* _Data extract_
◇ ◇ ◇ ◇ ◇
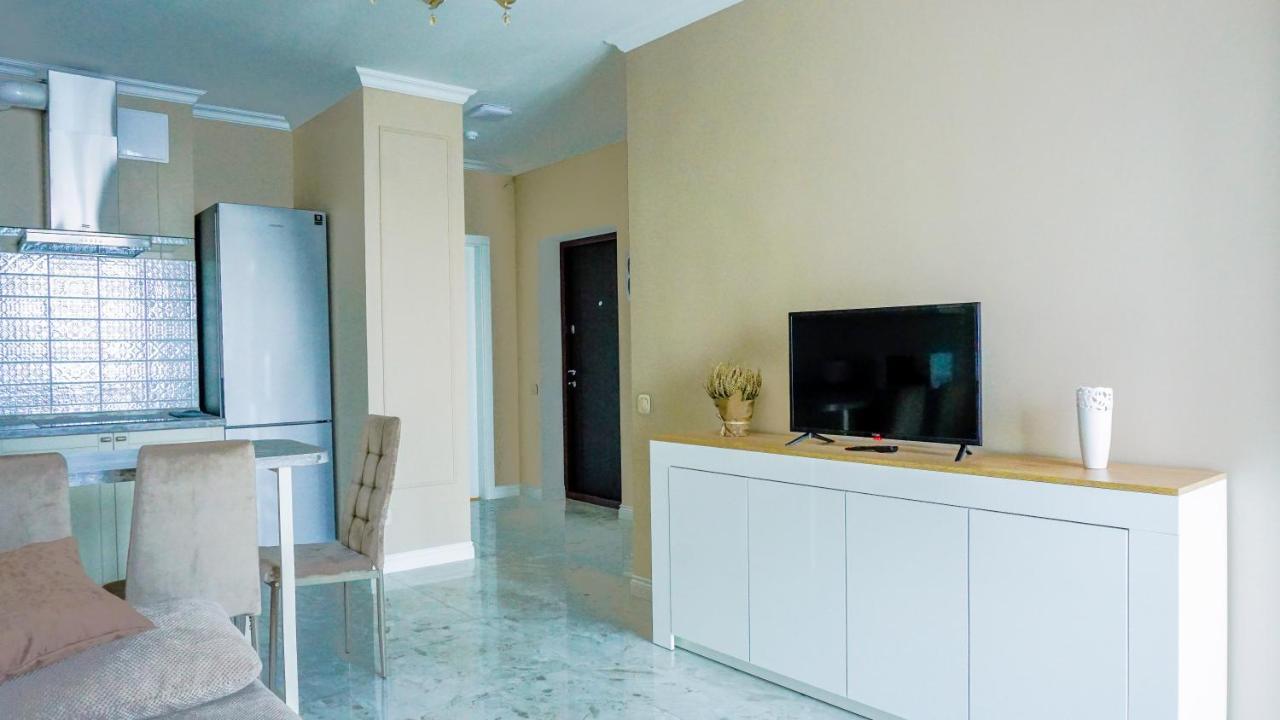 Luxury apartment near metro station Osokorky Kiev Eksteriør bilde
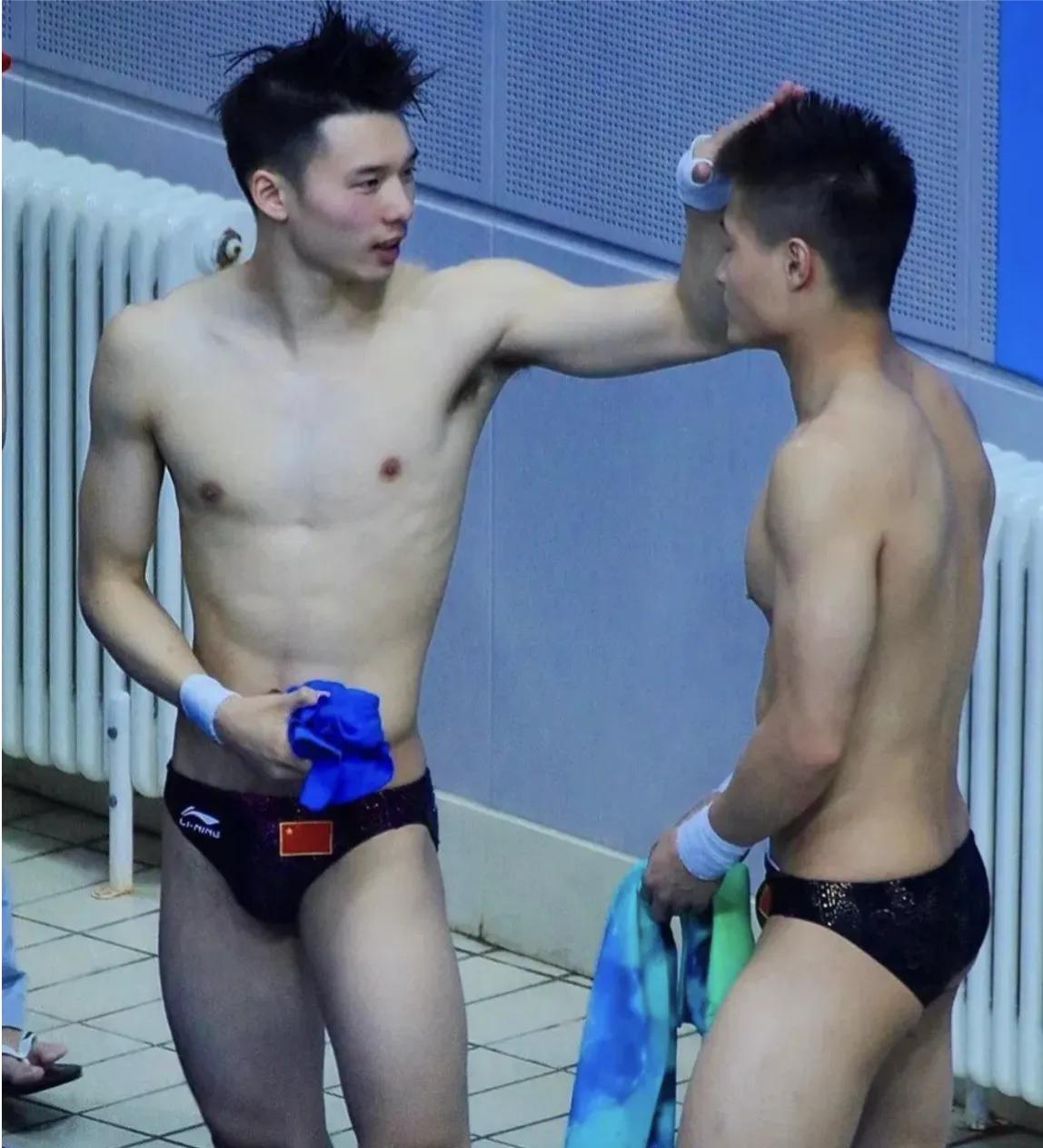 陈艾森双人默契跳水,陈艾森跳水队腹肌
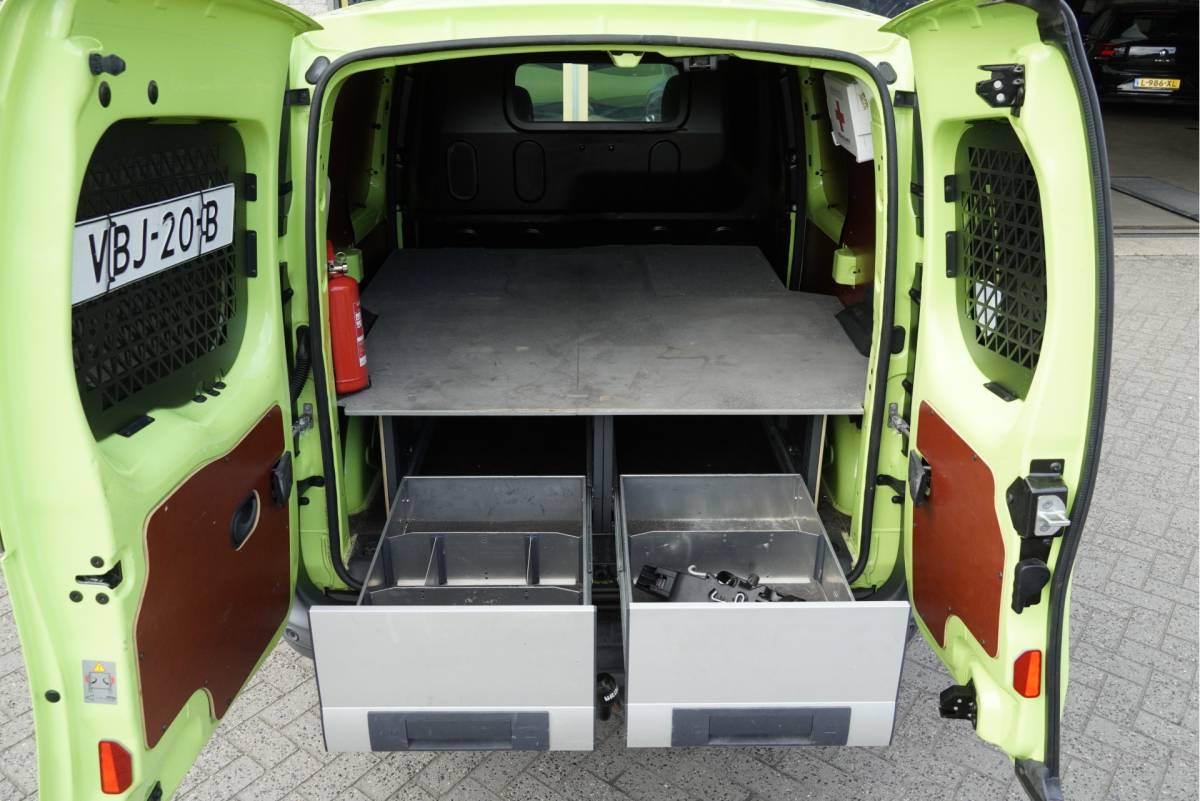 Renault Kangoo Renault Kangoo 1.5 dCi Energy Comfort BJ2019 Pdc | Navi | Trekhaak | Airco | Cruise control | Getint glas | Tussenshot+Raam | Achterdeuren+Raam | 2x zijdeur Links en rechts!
◇ ◇ ◇ ◇ ◇
* _About this task_
Exactly as written, restate all of the data, leaving out the images.

* _Answer to the problem_
 Luxury apartment near metro station Osokorky Kiev Eksteriør bilde
 陈艾森双人默契跳水,陈艾森跳水队腹肌
 Renault Kangoo Renault Kangoo 1.5 dCi Energy Comfort BJ2019 Pdc | Navi | Trekhaak | Airco | Cruise control | Getint glas | Tussenshot+Raam | Achterdeuren+Raam | 2x zijdeur Links en rechts!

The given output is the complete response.